Source records =>
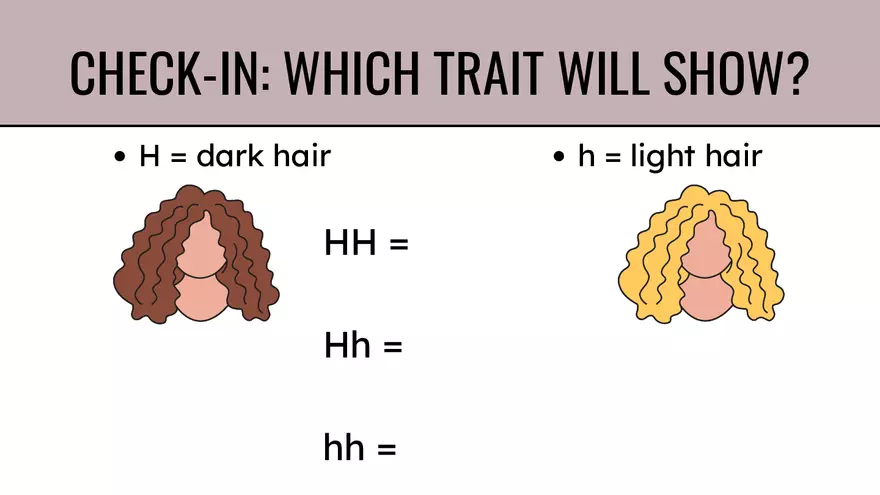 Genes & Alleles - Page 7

* * *

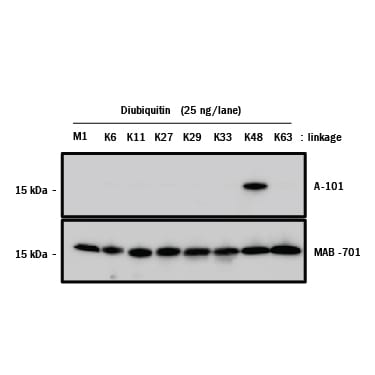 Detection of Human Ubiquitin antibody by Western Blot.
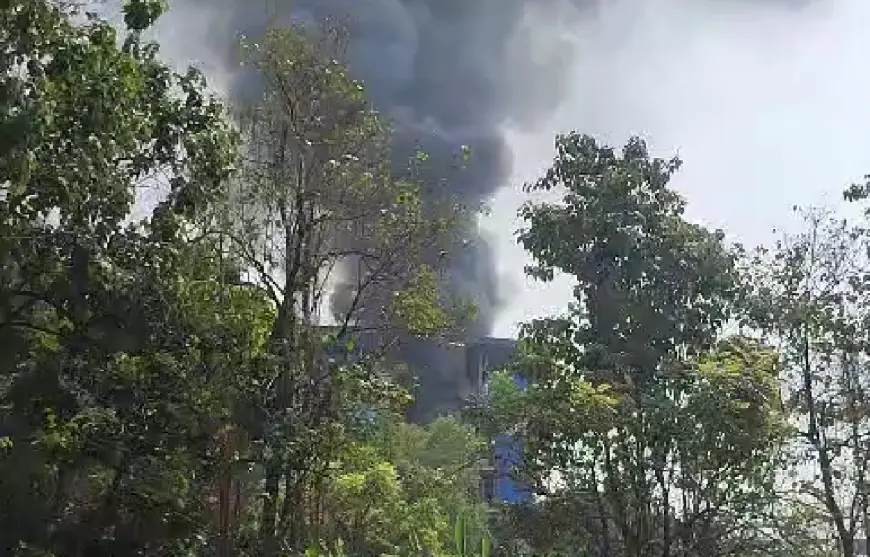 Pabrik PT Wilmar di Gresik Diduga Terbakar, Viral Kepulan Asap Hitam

Task description =>
Look above for the line with "Detection of Human" and the line with "Pabrik PT Wilmar"; set down those two lines and all lines between them exactly, without pictures and without anything else.

Solution to the problem =>
 Detection of Human Ubiquitin antibody by Western Blot.
 Pabrik PT Wilmar di Gresik Diduga Terbakar, Viral Kepulan Asap Hitam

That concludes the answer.